Data excerpts:
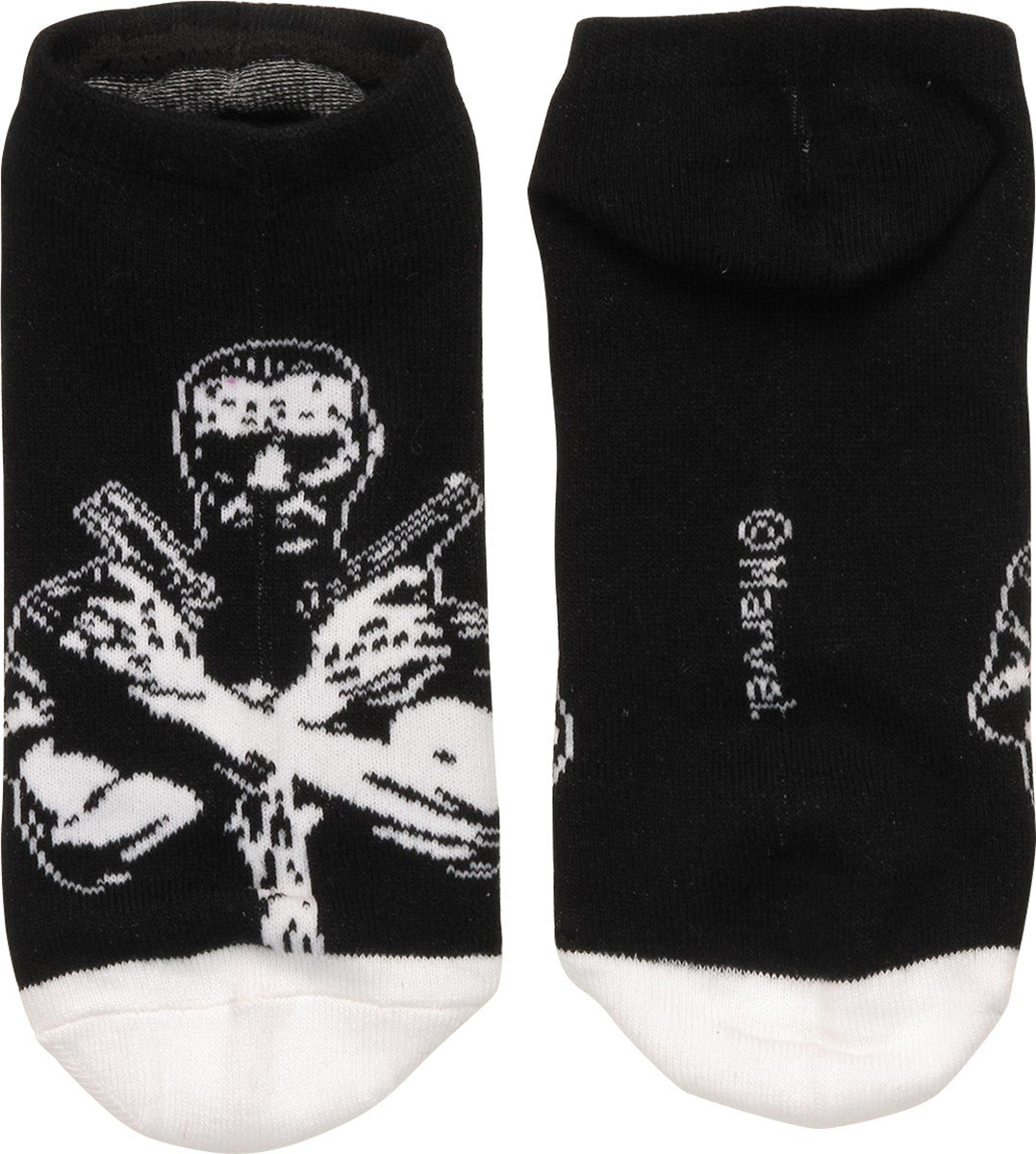Punisher Arms Crossed Low Cut Socks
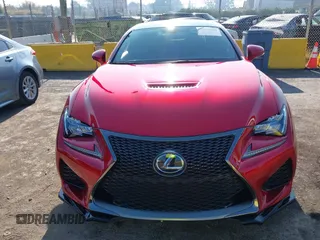 2017 Lexus RC F with VIN JTHHP5BC6H5006076, listed as a IAAI auction lot 40995520 with 49,461 mi miles. Bid and sale history available at carsss.com. Image 13.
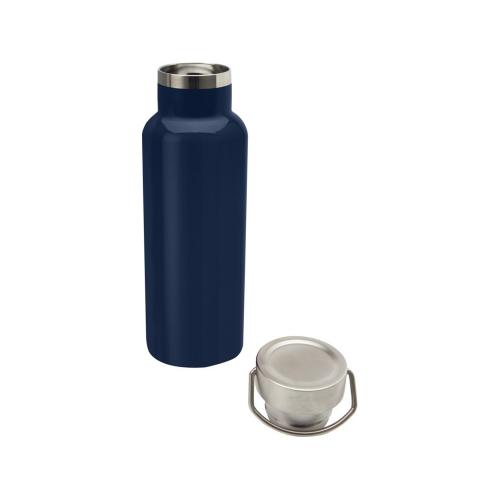 Бутылка для воды Thor из нержавеющей стали, сертифицированной по стандарту RCS; - купить именные сувениры в Воронеже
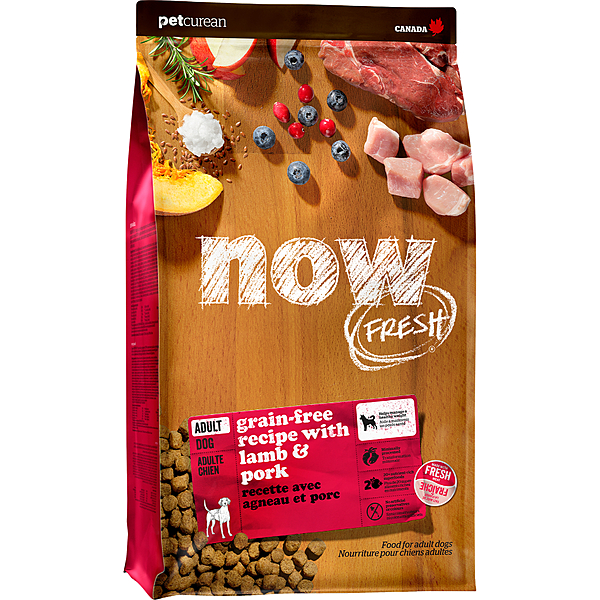 Now Fresh Grain-Free Lamb & Pork Recipe 3.5lb - Dog Food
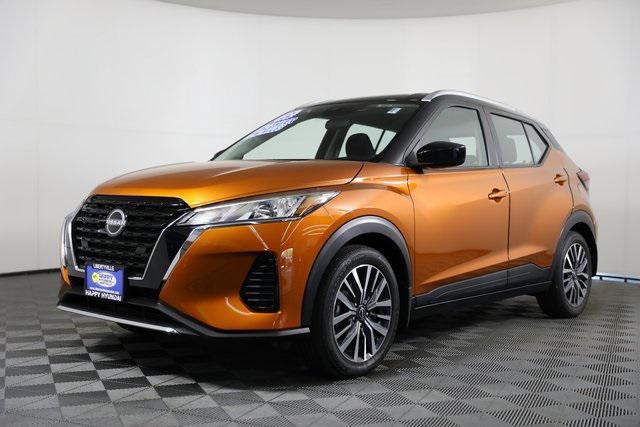 used 2022 Nissan Kicks car, priced at $18,242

Directions.
Reproduce, with no pictures, the lines from the one containing "Now Fresh Grain-Free" to the end of the records above, exactly and inclusively.

Task solution.
 Now Fresh Grain-Free Lamb & Pork Recipe 3.5lb - Dog Food
 used 2022 Nissan Kicks car, priced at $18,242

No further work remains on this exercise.